### WHAT IS REQUIRED
Retyping the records exactly, down to the last line, is the whole job.

### GIVEN DATA
===============
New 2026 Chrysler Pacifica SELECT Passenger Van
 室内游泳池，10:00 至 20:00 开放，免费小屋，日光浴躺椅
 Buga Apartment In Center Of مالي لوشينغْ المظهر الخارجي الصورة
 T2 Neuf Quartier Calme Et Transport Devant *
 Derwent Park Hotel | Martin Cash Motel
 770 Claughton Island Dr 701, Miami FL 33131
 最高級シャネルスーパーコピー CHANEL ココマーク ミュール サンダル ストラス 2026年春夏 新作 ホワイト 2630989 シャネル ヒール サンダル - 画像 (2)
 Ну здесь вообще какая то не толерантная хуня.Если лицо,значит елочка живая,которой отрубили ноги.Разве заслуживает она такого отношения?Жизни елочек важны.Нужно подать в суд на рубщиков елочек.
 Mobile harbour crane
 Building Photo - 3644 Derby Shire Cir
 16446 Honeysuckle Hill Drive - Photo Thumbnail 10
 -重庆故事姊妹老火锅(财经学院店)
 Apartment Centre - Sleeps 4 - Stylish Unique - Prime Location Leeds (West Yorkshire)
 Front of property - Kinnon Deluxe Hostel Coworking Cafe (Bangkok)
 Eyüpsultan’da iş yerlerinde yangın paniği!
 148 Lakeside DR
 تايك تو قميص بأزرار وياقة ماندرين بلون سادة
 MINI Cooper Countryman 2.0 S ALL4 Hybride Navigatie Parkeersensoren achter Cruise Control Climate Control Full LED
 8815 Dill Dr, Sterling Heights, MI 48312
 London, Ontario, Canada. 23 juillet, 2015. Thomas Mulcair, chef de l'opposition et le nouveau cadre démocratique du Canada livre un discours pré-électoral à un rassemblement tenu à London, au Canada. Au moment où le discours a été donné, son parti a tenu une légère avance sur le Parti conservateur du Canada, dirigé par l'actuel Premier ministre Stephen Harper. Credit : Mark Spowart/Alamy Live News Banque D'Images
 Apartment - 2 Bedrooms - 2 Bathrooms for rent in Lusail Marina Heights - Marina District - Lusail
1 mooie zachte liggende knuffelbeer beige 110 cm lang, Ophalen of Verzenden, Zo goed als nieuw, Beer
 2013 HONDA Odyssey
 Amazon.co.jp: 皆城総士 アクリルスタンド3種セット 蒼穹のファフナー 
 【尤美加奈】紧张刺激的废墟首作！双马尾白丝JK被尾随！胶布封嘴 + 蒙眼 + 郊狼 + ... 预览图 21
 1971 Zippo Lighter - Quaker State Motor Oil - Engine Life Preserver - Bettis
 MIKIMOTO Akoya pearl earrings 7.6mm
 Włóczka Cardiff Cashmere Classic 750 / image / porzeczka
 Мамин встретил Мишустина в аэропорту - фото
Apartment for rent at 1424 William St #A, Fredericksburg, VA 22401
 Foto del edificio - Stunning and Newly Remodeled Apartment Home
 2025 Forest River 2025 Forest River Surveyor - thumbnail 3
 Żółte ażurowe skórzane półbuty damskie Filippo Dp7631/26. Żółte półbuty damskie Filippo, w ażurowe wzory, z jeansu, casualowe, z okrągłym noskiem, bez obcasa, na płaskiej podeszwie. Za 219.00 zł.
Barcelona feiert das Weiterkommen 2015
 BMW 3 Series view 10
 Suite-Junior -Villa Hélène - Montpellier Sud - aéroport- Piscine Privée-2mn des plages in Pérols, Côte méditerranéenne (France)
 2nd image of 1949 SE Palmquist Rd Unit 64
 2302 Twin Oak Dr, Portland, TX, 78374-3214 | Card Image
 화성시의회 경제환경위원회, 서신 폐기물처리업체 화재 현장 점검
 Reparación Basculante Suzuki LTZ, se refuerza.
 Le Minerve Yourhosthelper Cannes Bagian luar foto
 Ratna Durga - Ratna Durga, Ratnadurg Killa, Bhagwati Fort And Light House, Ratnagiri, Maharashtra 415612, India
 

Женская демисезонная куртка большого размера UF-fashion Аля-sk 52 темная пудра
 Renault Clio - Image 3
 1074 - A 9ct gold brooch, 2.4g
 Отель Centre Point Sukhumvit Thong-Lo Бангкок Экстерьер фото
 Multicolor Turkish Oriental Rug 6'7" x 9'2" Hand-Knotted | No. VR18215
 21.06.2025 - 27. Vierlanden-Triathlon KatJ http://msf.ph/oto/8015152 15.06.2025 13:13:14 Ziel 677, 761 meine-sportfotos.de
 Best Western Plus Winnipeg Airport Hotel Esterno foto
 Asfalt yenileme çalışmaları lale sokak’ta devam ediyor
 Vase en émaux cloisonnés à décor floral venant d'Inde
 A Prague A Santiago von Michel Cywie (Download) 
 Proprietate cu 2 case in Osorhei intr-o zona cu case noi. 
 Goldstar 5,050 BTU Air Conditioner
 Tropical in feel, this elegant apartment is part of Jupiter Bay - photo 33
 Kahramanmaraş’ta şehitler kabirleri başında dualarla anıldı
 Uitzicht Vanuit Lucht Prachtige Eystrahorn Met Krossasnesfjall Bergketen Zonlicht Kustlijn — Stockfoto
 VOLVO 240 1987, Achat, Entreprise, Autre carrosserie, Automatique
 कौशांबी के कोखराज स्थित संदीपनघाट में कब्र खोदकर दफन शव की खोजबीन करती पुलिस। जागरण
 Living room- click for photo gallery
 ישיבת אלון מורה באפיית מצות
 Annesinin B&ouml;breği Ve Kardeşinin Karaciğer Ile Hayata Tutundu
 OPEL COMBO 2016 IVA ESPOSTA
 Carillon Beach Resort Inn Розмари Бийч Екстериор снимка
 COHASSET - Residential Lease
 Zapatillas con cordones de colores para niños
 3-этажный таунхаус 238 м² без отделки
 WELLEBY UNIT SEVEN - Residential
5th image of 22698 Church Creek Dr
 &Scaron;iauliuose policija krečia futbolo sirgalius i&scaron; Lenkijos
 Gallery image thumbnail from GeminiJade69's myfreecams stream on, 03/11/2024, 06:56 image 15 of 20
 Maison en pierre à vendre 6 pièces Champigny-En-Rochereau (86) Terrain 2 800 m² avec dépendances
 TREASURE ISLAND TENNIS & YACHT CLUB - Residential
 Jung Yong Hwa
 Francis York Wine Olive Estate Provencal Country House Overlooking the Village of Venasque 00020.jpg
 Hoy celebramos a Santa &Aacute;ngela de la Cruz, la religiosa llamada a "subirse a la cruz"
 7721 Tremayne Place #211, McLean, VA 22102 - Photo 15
===============
### ANSWER SECTION
New 2026 Chrysler Pacifica SELECT Passenger Van
 室内游泳池，10:00 至 20:00 开放，免费小屋，日光浴躺椅
 Buga Apartment In Center Of مالي لوشينغْ المظهر الخارجي الصورة
 T2 Neuf Quartier Calme Et Transport Devant *
 Derwent Park Hotel | Martin Cash Motel
 770 Claughton Island Dr 701, Miami FL 33131
 最高級シャネルスーパーコピー CHANEL ココマーク ミュール サンダル ストラス 2026年春夏 新作 ホワイト 2630989 シャネル ヒール サンダル - 画像 (2)
 Ну здесь вообще какая то не толерантная хуня.Если лицо,значит елочка живая,которой отрубили ноги.Разве заслуживает она такого отношения?Жизни елочек важны.Нужно подать в суд на рубщиков елочек.
 Mobile harbour crane
 Building Photo - 3644 Derby Shire Cir
 16446 Honeysuckle Hill Drive - Photo Thumbnail 10
 -重庆故事姊妹老火锅(财经学院店)
 Apartment Centre - Sleeps 4 - Stylish Unique - Prime Location Leeds (West Yorkshire)
 Front of property - Kinnon Deluxe Hostel Coworking Cafe (Bangkok)
 Eyüpsultan’da iş yerlerinde yangın paniği!
 148 Lakeside DR
 تايك تو قميص بأزرار وياقة ماندرين بلون سادة
 MINI Cooper Countryman 2.0 S ALL4 Hybride Navigatie Parkeersensoren achter Cruise Control Climate Control Full LED
 8815 Dill Dr, Sterling Heights, MI 48312
 London, Ontario, Canada. 23 juillet, 2015. Thomas Mulcair, chef de l'opposition et le nouveau cadre démocratique du Canada livre un discours pré-électoral à un rassemblement tenu à London, au Canada. Au moment où le discours a été donné, son parti a tenu une légère avance sur le Parti conservateur du Canada, dirigé par l'actuel Premier ministre Stephen Harper. Credit : Mark Spowart/Alamy Live News Banque D'Images
 Apartment - 2 Bedrooms - 2 Bathrooms for rent in Lusail Marina Heights - Marina District - Lusail
1 mooie zachte liggende knuffelbeer beige 110 cm lang, Ophalen of Verzenden, Zo goed als nieuw, Beer
 2013 HONDA Odyssey
 Amazon.co.jp: 皆城総士 アクリルスタンド3種セット 蒼穹のファフナー 
 【尤美加奈】紧张刺激的废墟首作！双马尾白丝JK被尾随！胶布封嘴 + 蒙眼 + 郊狼 + ... 预览图 21
 1971 Zippo Lighter - Quaker State Motor Oil - Engine Life Preserver - Bettis
 MIKIMOTO Akoya pearl earrings 7.6mm
 Włóczka Cardiff Cashmere Classic 750 / image / porzeczka
 Мамин встретил Мишустина в аэропорту - фото
Apartment for rent at 1424 William St #A, Fredericksburg, VA 22401
 Foto del edificio - Stunning and Newly Remodeled Apartment Home
 2025 Forest River 2025 Forest River Surveyor - thumbnail 3
 Żółte ażurowe skórzane półbuty damskie Filippo Dp7631/26. Żółte półbuty damskie Filippo, w ażurowe wzory, z jeansu, casualowe, z okrągłym noskiem, bez obcasa, na płaskiej podeszwie. Za 219.00 zł.
Barcelona feiert das Weiterkommen 2015
 BMW 3 Series view 10
 Suite-Junior -Villa Hélène - Montpellier Sud - aéroport- Piscine Privée-2mn des plages in Pérols, Côte méditerranéenne (France)
 2nd image of 1949 SE Palmquist Rd Unit 64
 2302 Twin Oak Dr, Portland, TX, 78374-3214 | Card Image
 화성시의회 경제환경위원회, 서신 폐기물처리업체 화재 현장 점검
 Reparación Basculante Suzuki LTZ, se refuerza.
 Le Minerve Yourhosthelper Cannes Bagian luar foto
 Ratna Durga - Ratna Durga, Ratnadurg Killa, Bhagwati Fort And Light House, Ratnagiri, Maharashtra 415612, India
 

Женская демисезонная куртка большого размера UF-fashion Аля-sk 52 темная пудра
 Renault Clio - Image 3
 1074 - A 9ct gold brooch, 2.4g
 Отель Centre Point Sukhumvit Thong-Lo Бангкок Экстерьер фото
 Multicolor Turkish Oriental Rug 6'7" x 9'2" Hand-Knotted | No. VR18215
 21.06.2025 - 27. Vierlanden-Triathlon KatJ http://msf.ph/oto/8015152 15.06.2025 13:13:14 Ziel 677, 761 meine-sportfotos.de
 Best Western Plus Winnipeg Airport Hotel Esterno foto
 Asfalt yenileme çalışmaları lale sokak’ta devam ediyor
 Vase en émaux cloisonnés à décor floral venant d'Inde
 A Prague A Santiago von Michel Cywie (Download) 
 Proprietate cu 2 case in Osorhei intr-o zona cu case noi. 
 Goldstar 5,050 BTU Air Conditioner
 Tropical in feel, this elegant apartment is part of Jupiter Bay - photo 33
 Kahramanmaraş’ta şehitler kabirleri başında dualarla anıldı
 Uitzicht Vanuit Lucht Prachtige Eystrahorn Met Krossasnesfjall Bergketen Zonlicht Kustlijn — Stockfoto
 VOLVO 240 1987, Achat, Entreprise, Autre carrosserie, Automatique
 कौशांबी के कोखराज स्थित संदीपनघाट में कब्र खोदकर दफन शव की खोजबीन करती पुलिस। जागरण
 Living room- click for photo gallery
 ישיבת אלון מורה באפיית מצות
 Annesinin B&ouml;breği Ve Kardeşinin Karaciğer Ile Hayata Tutundu
 OPEL COMBO 2016 IVA ESPOSTA
 Carillon Beach Resort Inn Розмари Бийч Екстериор снимка
 COHASSET - Residential Lease
 Zapatillas con cordones de colores para niños
 3-этажный таунхаус 238 м² без отделки
 WELLEBY UNIT SEVEN - Residential
5th image of 22698 Church Creek Dr
 &Scaron;iauliuose policija krečia futbolo sirgalius i&scaron; Lenkijos
 Gallery image thumbnail from GeminiJade69's myfreecams stream on, 03/11/2024, 06:56 image 15 of 20
 Maison en pierre à vendre 6 pièces Champigny-En-Rochereau (86) Terrain 2 800 m² avec dépendances
 TREASURE ISLAND TENNIS & YACHT CLUB - Residential
 Jung Yong Hwa
 Francis York Wine Olive Estate Provencal Country House Overlooking the Village of Venasque 00020.jpg
 Hoy celebramos a Santa &Aacute;ngela de la Cruz, la religiosa llamada a "subirse a la cruz"
 7721 Tremayne Place #211, McLean, VA 22102 - Photo 15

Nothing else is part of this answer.